Start of Input records

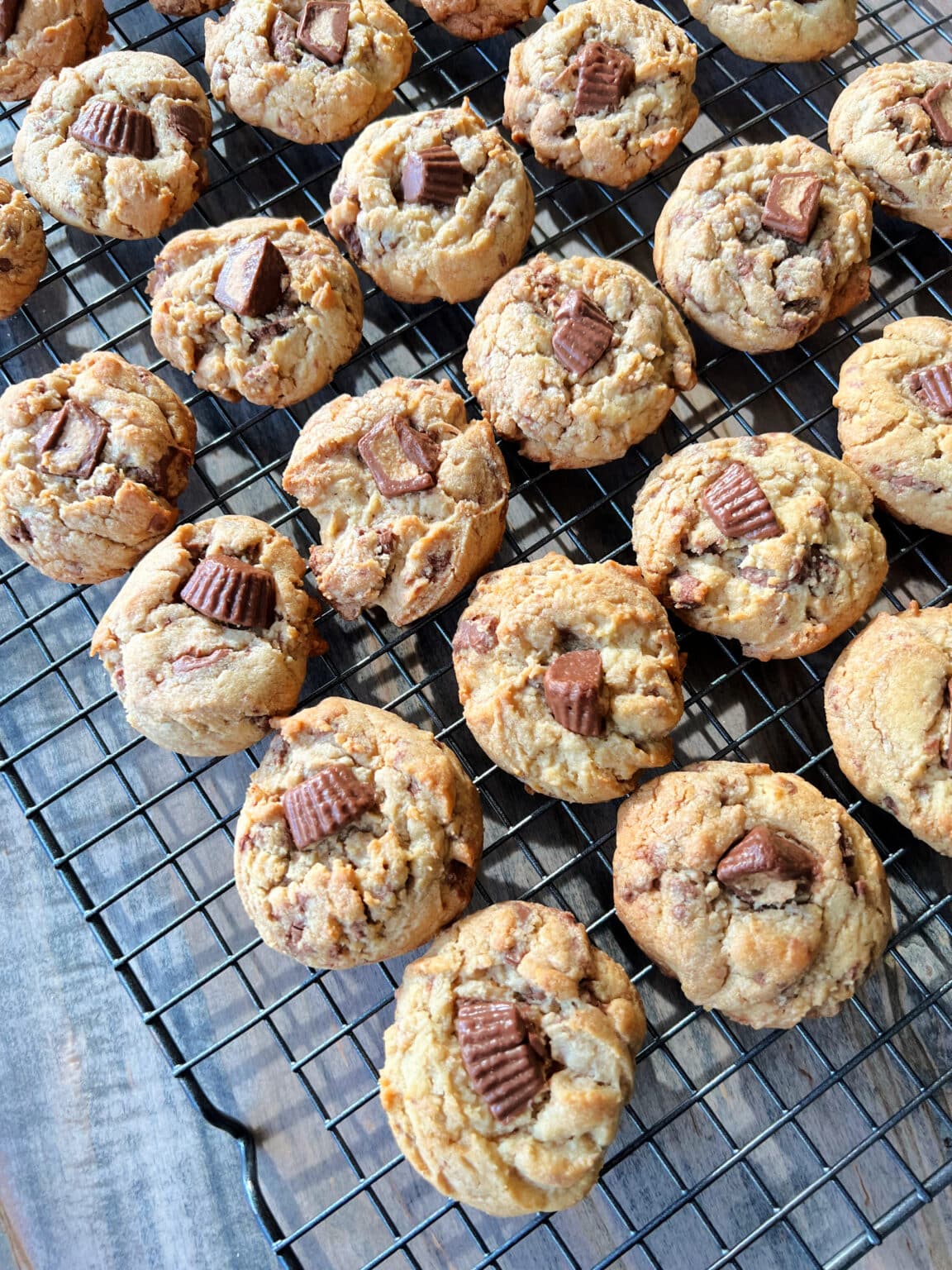 Reese’s Peanut Butter Cup Cookies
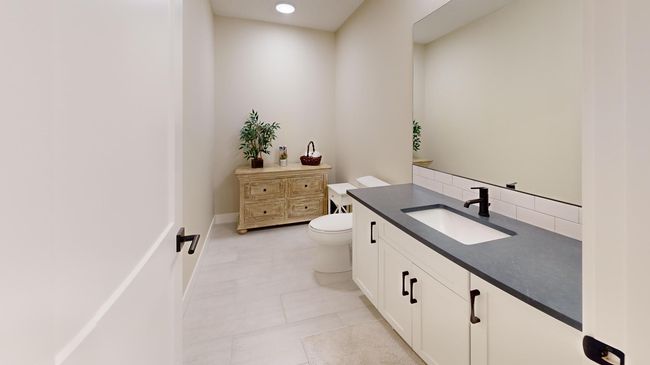 409 - 15 Cougar Ridge Landing Sw, Condo with 3 bedrooms, 3 bathrooms and 2 parking in Calgary AB | Image 18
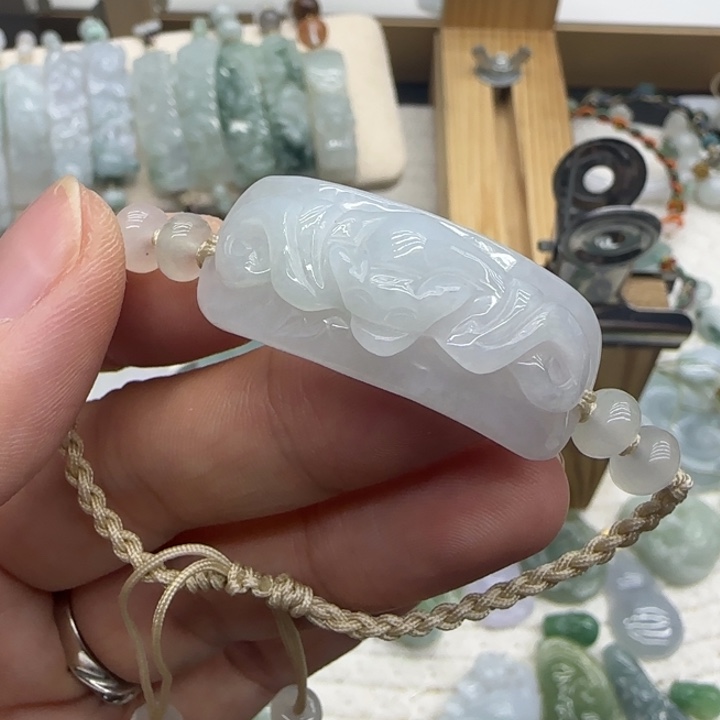 冰***檬翡翠未镶嵌手链手牌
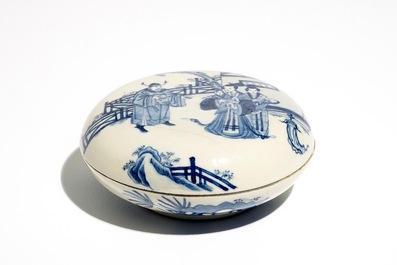 A round Chinese blue and white soft paste box and cover, Kangxi mark, 19th C.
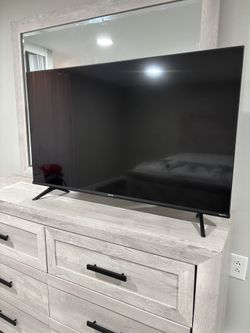 43” Hisense Roku Smart TV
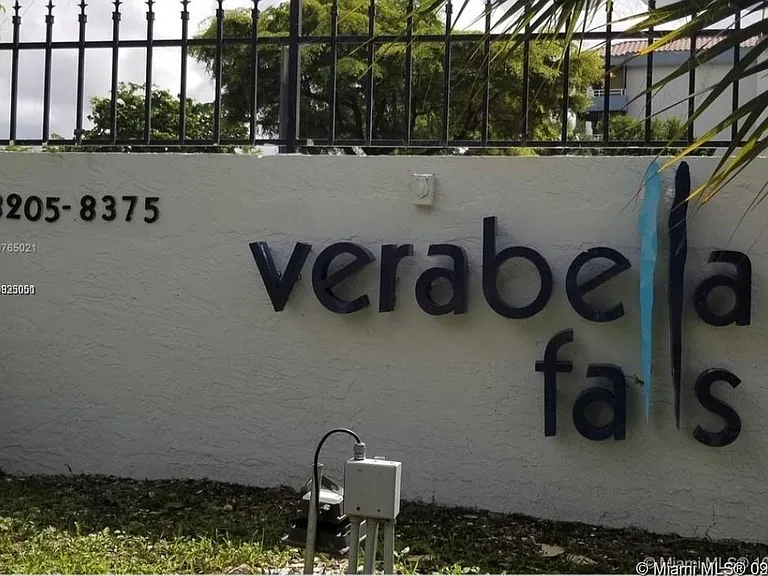 8255 SW 152nd Ave #E401 — Photo 3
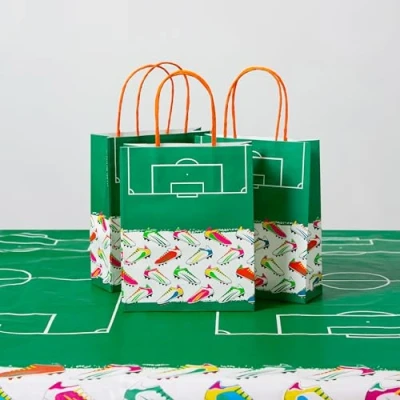 Imagen de Talking Tables Bolsas de fiesta asas niñas Paquete 8 reciclables y desechables para regalo, golosinas, recuerdos, Copa Mundial FIFA, Fútbol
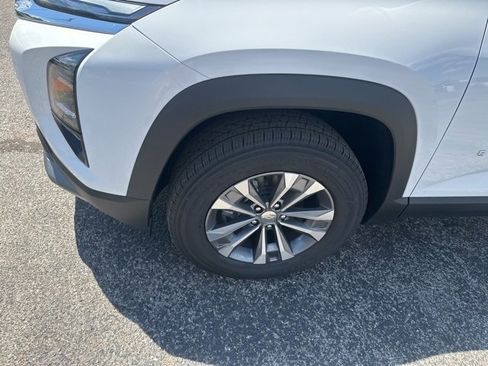 New 2026 Chevrolet Equinox LT w/ Convenience Package II image 10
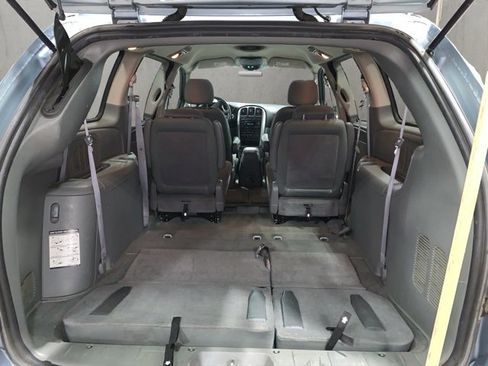 Used 2005 Chrysler Town & Country Touring image 25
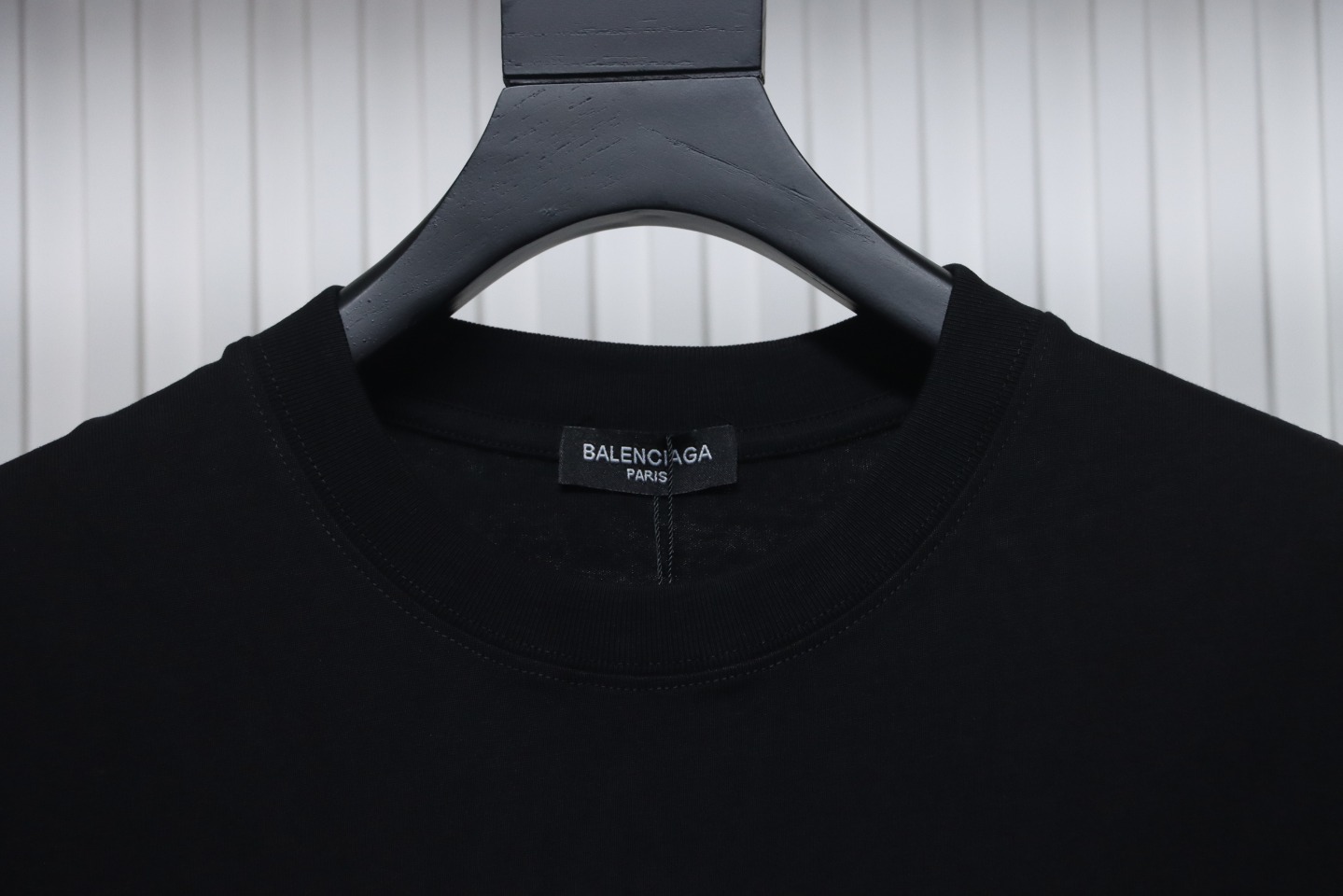 Balenciaga 24ss Mottled Distressed Letter Logo Short Sleeves Black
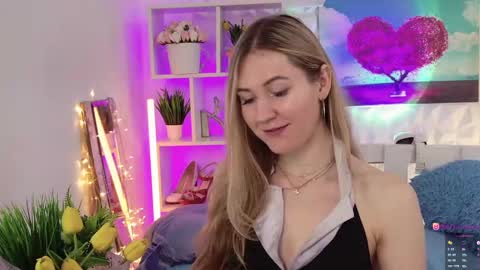 Snapshot of hello_lisha chatting on 02/03/25, 11:42 Alisia Monday to Friday from 10 am to 4 pm GMT 2 online show from 02/03/25, 11:42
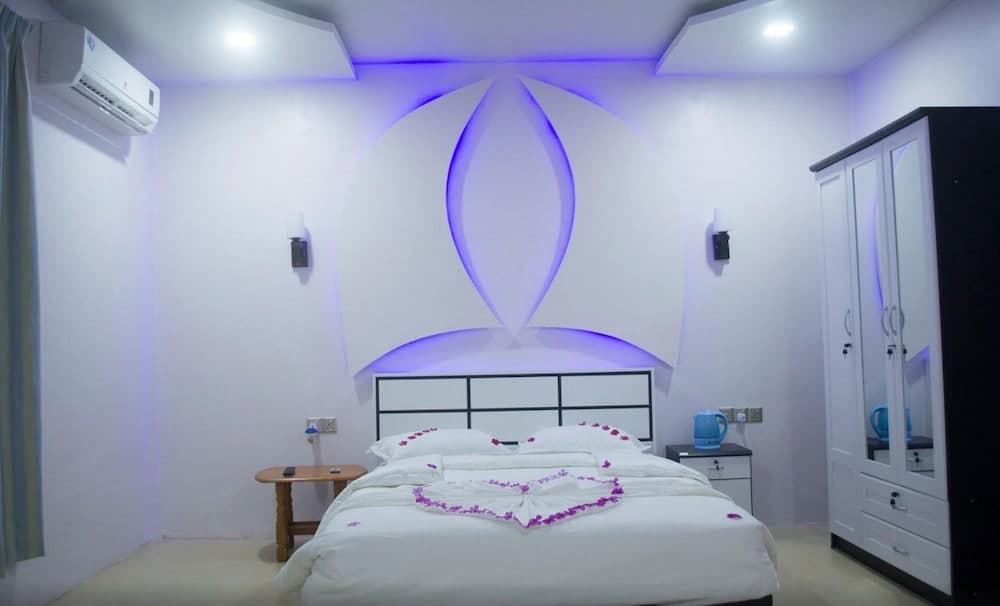 Hulhudheli Inn - View 8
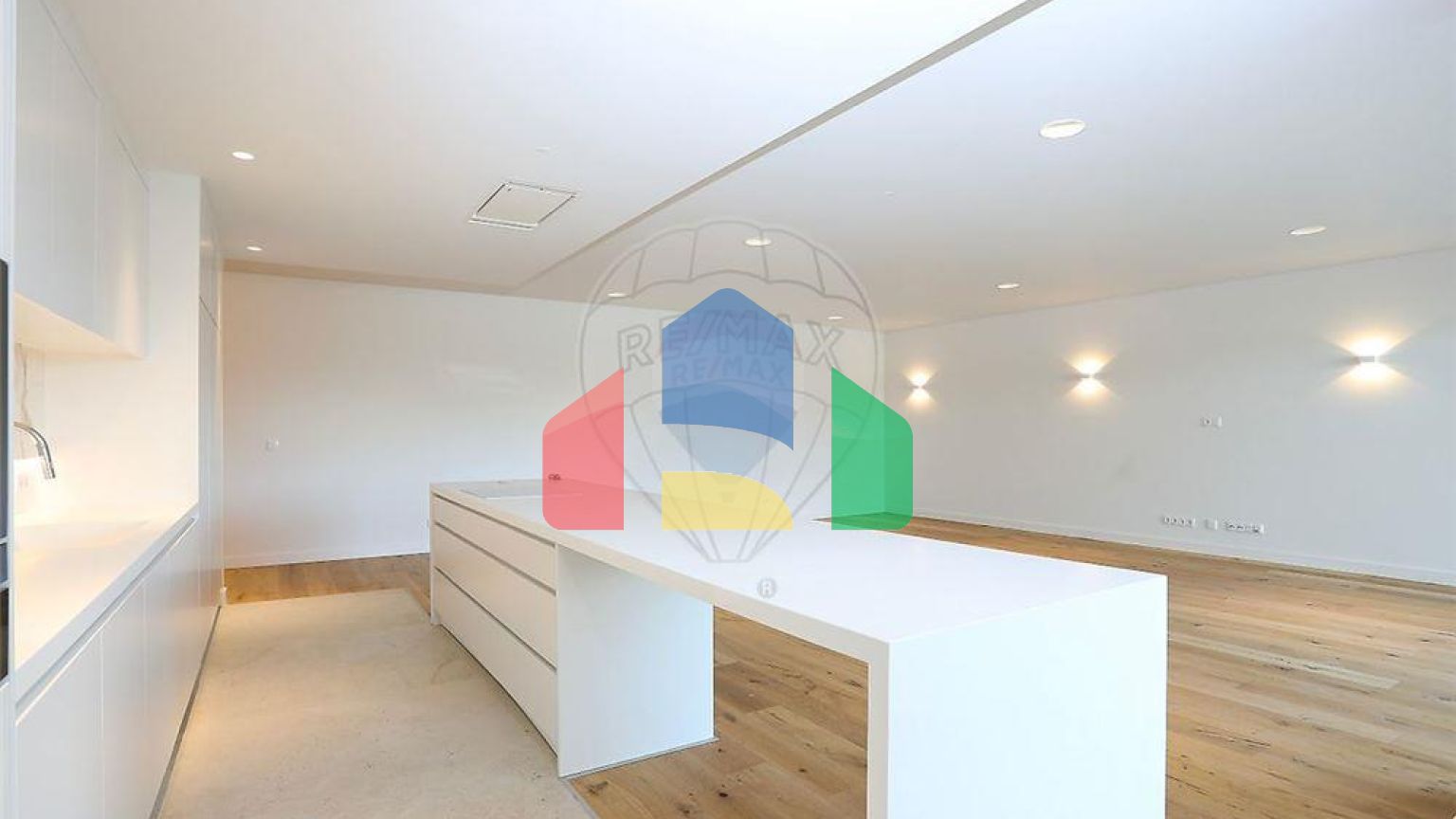 Residential - Condo/Apartment - T4 - Carcavelos e Parede, Cascais - PT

End of Input records

## Prompt
Pictures included in the data should be dropped; everything else must be repeated exactly.

## Solution to this exercise
 Reese’s Peanut Butter Cup Cookies
 409 - 15 Cougar Ridge Landing Sw, Condo with 3 bedrooms, 3 bathrooms and 2 parking in Calgary AB | Image 18
 冰***檬翡翠未镶嵌手链手牌
 A round Chinese blue and white soft paste box and cover, Kangxi mark, 19th C.
 43” Hisense Roku Smart TV
 8255 SW 152nd Ave #E401 — Photo 3
 Imagen de Talking Tables Bolsas de fiesta asas niñas Paquete 8 reciclables y desechables para regalo, golosinas, recuerdos, Copa Mundial FIFA, Fútbol
 New 2026 Chevrolet Equinox LT w/ Convenience Package II image 10
 Used 2005 Chrysler Town & Country Touring image 25
 Balenciaga 24ss Mottled Distressed Letter Logo Short Sleeves Black
 Snapshot of hello_lisha chatting on 02/03/25, 11:42 Alisia Monday to Friday from 10 am to 4 pm GMT 2 online show from 02/03/25, 11:42
 Hulhudheli Inn - View 8
 Residential - Condo/Apartment - T4 - Carcavelos e Parede, Cascais - PT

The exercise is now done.